What is being asked — Each line from the beginning of the data below through the line containing "Carro de Fórmula" should be repeated exactly, please.

** Opening Exercise data block **

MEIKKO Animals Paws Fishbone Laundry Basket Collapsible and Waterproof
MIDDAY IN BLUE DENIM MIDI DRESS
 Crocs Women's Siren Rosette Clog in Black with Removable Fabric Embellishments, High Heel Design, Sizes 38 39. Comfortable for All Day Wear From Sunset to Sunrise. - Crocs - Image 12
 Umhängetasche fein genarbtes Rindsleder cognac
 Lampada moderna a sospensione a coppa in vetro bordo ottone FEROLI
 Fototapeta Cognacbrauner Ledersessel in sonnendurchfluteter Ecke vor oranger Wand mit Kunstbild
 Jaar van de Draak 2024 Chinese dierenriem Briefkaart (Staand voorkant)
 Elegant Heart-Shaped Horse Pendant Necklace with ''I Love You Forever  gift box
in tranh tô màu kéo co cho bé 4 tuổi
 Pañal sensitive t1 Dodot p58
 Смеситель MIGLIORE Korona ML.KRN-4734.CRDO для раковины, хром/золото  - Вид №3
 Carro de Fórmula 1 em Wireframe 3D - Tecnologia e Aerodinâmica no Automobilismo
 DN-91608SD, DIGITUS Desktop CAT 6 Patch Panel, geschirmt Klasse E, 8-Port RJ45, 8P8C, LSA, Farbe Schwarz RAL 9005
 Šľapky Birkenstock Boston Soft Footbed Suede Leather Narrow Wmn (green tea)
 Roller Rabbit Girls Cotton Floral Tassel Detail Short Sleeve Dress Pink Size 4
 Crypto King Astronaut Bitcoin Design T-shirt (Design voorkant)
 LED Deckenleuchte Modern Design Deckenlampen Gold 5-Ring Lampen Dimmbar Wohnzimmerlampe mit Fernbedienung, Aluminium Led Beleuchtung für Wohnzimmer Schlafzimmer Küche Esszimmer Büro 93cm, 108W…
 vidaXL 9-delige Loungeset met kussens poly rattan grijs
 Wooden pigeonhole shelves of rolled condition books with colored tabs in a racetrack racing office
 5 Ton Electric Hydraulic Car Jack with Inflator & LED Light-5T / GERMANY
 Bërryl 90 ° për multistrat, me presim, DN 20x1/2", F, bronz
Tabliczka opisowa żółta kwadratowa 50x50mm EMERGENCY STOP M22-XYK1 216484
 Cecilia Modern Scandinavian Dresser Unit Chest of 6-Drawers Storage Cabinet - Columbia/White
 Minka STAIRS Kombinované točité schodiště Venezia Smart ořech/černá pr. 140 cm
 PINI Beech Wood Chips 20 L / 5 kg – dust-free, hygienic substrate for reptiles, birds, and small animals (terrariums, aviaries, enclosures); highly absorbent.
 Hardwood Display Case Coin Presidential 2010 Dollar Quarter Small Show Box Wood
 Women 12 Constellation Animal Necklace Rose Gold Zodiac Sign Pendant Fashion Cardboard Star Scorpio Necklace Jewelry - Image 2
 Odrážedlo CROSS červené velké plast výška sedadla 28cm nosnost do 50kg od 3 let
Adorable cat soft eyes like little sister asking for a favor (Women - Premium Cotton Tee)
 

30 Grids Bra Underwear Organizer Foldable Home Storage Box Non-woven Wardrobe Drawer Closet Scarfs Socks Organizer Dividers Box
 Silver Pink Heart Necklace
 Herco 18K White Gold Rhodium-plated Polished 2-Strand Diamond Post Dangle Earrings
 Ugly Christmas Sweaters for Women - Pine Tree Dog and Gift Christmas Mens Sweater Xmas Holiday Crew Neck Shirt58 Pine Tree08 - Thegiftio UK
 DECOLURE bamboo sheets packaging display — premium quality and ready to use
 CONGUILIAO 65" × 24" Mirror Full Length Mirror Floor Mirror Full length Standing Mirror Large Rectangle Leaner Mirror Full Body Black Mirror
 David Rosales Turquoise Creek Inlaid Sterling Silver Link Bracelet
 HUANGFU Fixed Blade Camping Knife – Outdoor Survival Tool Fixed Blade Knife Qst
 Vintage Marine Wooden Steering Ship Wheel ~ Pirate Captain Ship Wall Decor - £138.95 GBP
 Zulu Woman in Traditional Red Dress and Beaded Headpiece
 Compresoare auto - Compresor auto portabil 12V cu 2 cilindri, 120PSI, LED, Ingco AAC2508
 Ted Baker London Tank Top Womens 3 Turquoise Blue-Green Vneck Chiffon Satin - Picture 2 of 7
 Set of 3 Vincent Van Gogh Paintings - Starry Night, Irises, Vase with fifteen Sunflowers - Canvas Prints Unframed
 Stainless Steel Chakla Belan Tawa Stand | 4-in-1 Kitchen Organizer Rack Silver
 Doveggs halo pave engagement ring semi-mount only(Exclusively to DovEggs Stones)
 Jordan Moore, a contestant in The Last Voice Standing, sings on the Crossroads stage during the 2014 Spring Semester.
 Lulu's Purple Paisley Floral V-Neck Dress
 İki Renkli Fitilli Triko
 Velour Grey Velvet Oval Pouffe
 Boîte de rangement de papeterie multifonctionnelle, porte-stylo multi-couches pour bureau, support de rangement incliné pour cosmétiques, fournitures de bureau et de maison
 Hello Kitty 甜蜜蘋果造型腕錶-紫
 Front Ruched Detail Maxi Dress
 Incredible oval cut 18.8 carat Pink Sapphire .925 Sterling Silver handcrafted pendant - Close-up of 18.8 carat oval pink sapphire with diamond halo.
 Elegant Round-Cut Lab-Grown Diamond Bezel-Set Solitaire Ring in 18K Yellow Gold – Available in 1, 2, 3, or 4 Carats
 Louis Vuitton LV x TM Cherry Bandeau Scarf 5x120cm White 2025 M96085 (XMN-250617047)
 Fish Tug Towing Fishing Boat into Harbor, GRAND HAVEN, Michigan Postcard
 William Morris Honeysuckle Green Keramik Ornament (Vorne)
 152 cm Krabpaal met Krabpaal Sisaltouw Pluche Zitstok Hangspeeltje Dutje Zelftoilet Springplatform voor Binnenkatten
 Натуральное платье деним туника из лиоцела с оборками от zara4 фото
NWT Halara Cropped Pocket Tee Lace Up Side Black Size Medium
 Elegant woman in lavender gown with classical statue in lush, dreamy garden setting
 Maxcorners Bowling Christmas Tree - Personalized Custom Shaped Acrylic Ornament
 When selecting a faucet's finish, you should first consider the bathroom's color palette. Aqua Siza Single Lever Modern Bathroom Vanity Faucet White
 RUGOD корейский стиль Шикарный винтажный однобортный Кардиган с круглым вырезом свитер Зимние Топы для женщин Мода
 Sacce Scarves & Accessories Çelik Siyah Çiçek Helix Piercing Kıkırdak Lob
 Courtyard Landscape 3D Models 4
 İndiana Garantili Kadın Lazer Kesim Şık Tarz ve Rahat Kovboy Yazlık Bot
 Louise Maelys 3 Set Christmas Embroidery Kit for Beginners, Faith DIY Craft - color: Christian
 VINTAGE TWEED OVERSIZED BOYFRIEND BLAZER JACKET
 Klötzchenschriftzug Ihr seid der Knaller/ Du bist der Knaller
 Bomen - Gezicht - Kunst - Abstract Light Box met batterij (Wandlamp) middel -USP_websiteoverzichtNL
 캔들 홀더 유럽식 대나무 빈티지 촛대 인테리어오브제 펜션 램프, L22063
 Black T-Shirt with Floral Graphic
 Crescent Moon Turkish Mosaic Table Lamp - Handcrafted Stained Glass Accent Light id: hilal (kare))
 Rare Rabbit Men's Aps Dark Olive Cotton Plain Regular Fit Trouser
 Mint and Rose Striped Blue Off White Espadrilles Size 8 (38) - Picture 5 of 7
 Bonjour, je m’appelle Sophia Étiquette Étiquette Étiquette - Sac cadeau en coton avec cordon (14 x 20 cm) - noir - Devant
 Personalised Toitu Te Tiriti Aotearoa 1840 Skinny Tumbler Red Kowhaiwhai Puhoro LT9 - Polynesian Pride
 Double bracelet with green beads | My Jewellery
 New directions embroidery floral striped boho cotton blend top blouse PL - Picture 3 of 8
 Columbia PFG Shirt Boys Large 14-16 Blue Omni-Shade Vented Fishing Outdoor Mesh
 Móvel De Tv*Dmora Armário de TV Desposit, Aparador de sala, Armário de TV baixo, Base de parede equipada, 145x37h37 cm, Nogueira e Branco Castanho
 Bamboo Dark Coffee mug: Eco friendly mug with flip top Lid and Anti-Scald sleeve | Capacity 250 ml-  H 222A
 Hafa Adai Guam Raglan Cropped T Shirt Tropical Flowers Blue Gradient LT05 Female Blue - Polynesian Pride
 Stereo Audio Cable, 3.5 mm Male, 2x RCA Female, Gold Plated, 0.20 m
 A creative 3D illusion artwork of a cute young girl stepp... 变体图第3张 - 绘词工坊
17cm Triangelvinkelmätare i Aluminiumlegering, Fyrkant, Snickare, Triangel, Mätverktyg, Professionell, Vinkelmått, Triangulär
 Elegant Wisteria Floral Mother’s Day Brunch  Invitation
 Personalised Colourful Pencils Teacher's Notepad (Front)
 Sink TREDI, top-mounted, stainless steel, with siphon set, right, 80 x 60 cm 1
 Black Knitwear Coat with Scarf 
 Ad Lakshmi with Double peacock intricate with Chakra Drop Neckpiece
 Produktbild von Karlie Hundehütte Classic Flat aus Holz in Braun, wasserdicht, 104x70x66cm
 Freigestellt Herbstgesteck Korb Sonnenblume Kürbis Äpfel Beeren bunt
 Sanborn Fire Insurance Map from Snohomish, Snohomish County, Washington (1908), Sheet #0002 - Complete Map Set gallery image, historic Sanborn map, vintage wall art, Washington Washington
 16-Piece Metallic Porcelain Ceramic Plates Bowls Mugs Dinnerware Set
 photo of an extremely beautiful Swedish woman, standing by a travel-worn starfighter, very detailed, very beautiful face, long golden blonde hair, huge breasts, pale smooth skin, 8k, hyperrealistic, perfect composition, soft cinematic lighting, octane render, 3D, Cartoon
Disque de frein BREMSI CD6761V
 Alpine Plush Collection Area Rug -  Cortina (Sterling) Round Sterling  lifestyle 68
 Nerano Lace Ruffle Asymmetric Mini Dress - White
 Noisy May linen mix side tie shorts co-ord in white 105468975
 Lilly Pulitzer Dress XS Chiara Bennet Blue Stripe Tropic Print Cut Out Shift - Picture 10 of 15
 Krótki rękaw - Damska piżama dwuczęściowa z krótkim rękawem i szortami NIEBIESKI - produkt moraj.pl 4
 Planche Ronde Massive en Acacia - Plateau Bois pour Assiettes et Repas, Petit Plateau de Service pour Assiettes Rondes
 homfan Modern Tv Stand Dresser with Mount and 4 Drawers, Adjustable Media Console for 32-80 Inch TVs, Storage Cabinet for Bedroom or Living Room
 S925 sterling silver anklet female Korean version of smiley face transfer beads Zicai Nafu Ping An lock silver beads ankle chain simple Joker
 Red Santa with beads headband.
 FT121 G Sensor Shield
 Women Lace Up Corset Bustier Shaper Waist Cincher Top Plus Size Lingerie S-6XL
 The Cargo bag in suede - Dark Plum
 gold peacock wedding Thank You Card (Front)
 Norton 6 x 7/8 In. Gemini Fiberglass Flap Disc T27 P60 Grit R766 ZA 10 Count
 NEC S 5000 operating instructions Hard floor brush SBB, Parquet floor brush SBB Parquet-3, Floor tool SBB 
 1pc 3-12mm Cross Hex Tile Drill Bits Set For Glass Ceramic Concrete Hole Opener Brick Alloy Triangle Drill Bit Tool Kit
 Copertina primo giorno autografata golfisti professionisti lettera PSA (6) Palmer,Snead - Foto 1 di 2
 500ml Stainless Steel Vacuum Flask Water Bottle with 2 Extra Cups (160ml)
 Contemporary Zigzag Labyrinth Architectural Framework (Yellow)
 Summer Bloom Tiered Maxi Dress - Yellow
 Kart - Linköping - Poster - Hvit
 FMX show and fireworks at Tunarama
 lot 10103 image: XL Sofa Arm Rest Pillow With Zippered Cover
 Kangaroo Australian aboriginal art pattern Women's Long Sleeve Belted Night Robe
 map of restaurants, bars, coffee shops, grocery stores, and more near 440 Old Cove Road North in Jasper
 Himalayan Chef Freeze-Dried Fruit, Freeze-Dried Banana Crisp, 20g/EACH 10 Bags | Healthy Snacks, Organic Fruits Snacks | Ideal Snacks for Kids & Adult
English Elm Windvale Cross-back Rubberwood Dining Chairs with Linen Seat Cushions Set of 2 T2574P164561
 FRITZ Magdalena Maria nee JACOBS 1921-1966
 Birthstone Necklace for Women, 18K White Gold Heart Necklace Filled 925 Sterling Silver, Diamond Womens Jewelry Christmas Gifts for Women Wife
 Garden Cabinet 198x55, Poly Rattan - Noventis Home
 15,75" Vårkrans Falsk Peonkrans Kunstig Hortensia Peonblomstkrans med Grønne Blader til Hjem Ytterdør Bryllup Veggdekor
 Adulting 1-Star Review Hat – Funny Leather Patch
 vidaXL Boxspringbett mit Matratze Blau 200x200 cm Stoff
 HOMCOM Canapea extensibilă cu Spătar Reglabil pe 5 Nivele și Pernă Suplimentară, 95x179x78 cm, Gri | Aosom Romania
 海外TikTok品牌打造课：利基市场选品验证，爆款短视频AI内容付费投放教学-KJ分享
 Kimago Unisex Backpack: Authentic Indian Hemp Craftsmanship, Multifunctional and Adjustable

** Closing Exercise data block **

Answer to this task —
MEIKKO Animals Paws Fishbone Laundry Basket Collapsible and Waterproof
MIDDAY IN BLUE DENIM MIDI DRESS
 Crocs Women's Siren Rosette Clog in Black with Removable Fabric Embellishments, High Heel Design, Sizes 38 39. Comfortable for All Day Wear From Sunset to Sunrise. - Crocs - Image 12
 Umhängetasche fein genarbtes Rindsleder cognac
 Lampada moderna a sospensione a coppa in vetro bordo ottone FEROLI
 Fototapeta Cognacbrauner Ledersessel in sonnendurchfluteter Ecke vor oranger Wand mit Kunstbild
 Jaar van de Draak 2024 Chinese dierenriem Briefkaart (Staand voorkant)
 Elegant Heart-Shaped Horse Pendant Necklace with ''I Love You Forever  gift box
in tranh tô màu kéo co cho bé 4 tuổi
 Pañal sensitive t1 Dodot p58
 Смеситель MIGLIORE Korona ML.KRN-4734.CRDO для раковины, хром/золото  - Вид №3
 Carro de Fórmula 1 em Wireframe 3D - Tecnologia e Aerodinâmica no Automobilismo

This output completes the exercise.